The hospital confirmed a member of staff has now been suspended (Reuters)

An NHS hospital already being investigated for failing to care for its patients has apologised after a baby was found with a dummy taped to its face.

Mid Staffordshire NHS Foundation Trust has said it has suspended a member of staff following the incident involving the four-month-old baby boy.

Police are also investigating the incident following a complaint about the treatment of the child.

Colin Ovington, Director of Nursing, said the incident was "exceptional" but felt proud his staff were able to report on the occurrence.

He added: "We have a zero tolerance approach to poor patient care and we take immediate, appropriate action as soon as we know about any potential serious incidents which happen in our hospitals. We are proud that our staff now feel confident to report any incidents which happen.

"One of our recent incidents involved a dummy that was found taped onto a baby's face. Fortunately, the baby was unharmed.

"We cannot emphasise strongly enough that this incident is exceptional and apologise again to the family. We want other hospitals to learn from this incident so that we can be sure that it does not happen to any other baby."

A spokesman for Staffordshire Police said: "Officers from our Protecting Vulnerable People Department are at the very early stages of investigating a complaint concerning the treatment of a baby boy by a member of staff at Stafford Hospital earlier this month.

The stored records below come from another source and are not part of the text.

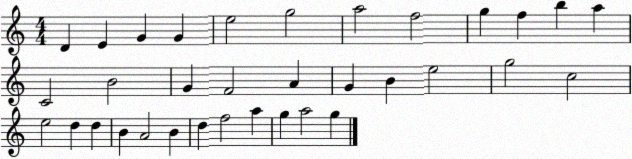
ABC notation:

X:1
T:Untitled
M:4/4
L:1/4
K:C
D E G G e2 g2 a2 f2 g f b a C2 B2 G F2 A G B e2 g2 c2 e2 d d B A2 B d f2 a g a2 g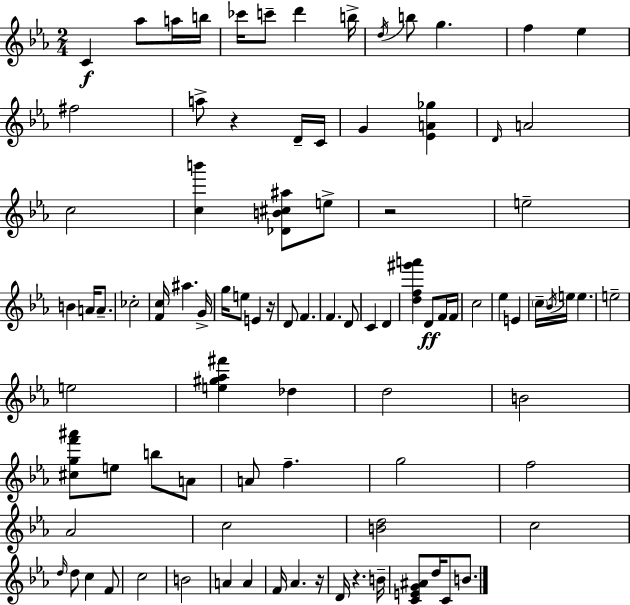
C4/q Ab5/e A5/s B5/s CES6/s C6/e D6/q B5/s D5/s B5/e G5/q. F5/q Eb5/q F#5/h A5/e R/q D4/s C4/s G4/q [Eb4,A4,Gb5]/q D4/s A4/h C5/h [C5,B6]/q [Db4,B4,C#5,A#5]/e E5/e R/h E5/h B4/q A4/s A4/e. CES5/h [F4,C5]/s A#5/q. G4/s G5/s E5/e E4/q R/s D4/e F4/q. F4/q. D4/e C4/q D4/q [D5,F5,G#6,A6]/q D4/e F4/s F4/s C5/h Eb5/q E4/q C5/s Bb4/s E5/s E5/q. E5/h E5/h [E5,G#5,Ab5,F#6]/q Db5/q D5/h B4/h [C#5,G5,F6,A#6]/e E5/e B5/e A4/e A4/e F5/q. G5/h F5/h Ab4/h C5/h [B4,D5]/h C5/h D5/s D5/e C5/q F4/e C5/h B4/h A4/q A4/q F4/s Ab4/q. R/s D4/s R/q. B4/s [C4,E4,G4,A#4]/e D5/s C4/e B4/e.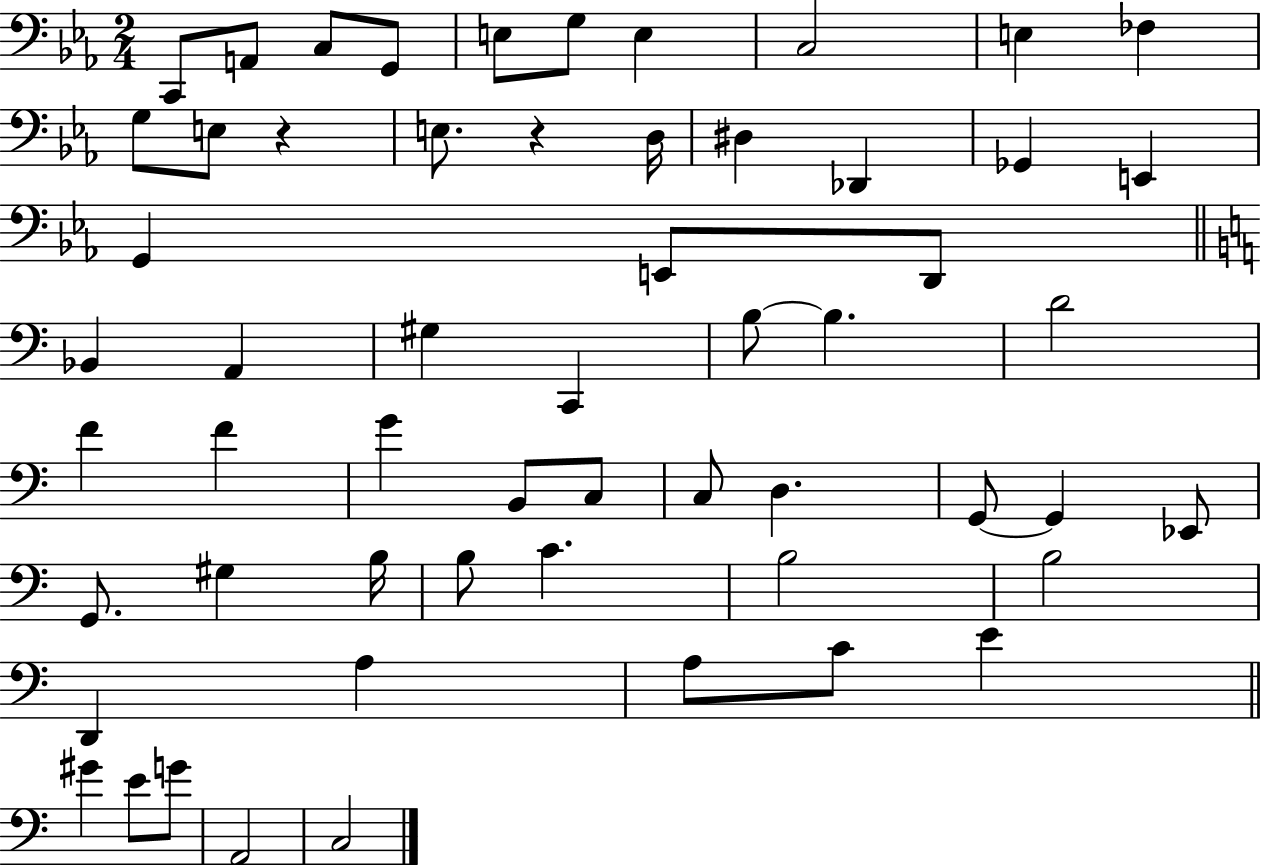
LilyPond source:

{
  \clef bass
  \numericTimeSignature
  \time 2/4
  \key ees \major
  c,8 a,8 c8 g,8 | e8 g8 e4 | c2 | e4 fes4 | \break g8 e8 r4 | e8. r4 d16 | dis4 des,4 | ges,4 e,4 | \break g,4 e,8 d,8 | \bar "||" \break \key c \major bes,4 a,4 | gis4 c,4 | b8~~ b4. | d'2 | \break f'4 f'4 | g'4 b,8 c8 | c8 d4. | g,8~~ g,4 ees,8 | \break g,8. gis4 b16 | b8 c'4. | b2 | b2 | \break d,4 a4 | a8 c'8 e'4 | \bar "||" \break \key c \major gis'4 e'8 g'8 | a,2 | c2 | \bar "|."
}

"The baby boy, who was four months old at the time, was not harmed as a result.

"We are liaising closely with his family and the NHS Trust concerning the matter."

The hospital is already at the centre of a public inquiry into "serious failings" in the treatment of its patients between January 2005 and March 2009. The review is due to be published on 6 February.

A separate report by the Healthcare Commission in 2009 revealed between 400 and 1,200 more people died than what is considered normal between 2005 and 2008.

it has also recently emerged the trust has paid out more than £1m in compensation to 120 victims of abuse or their families.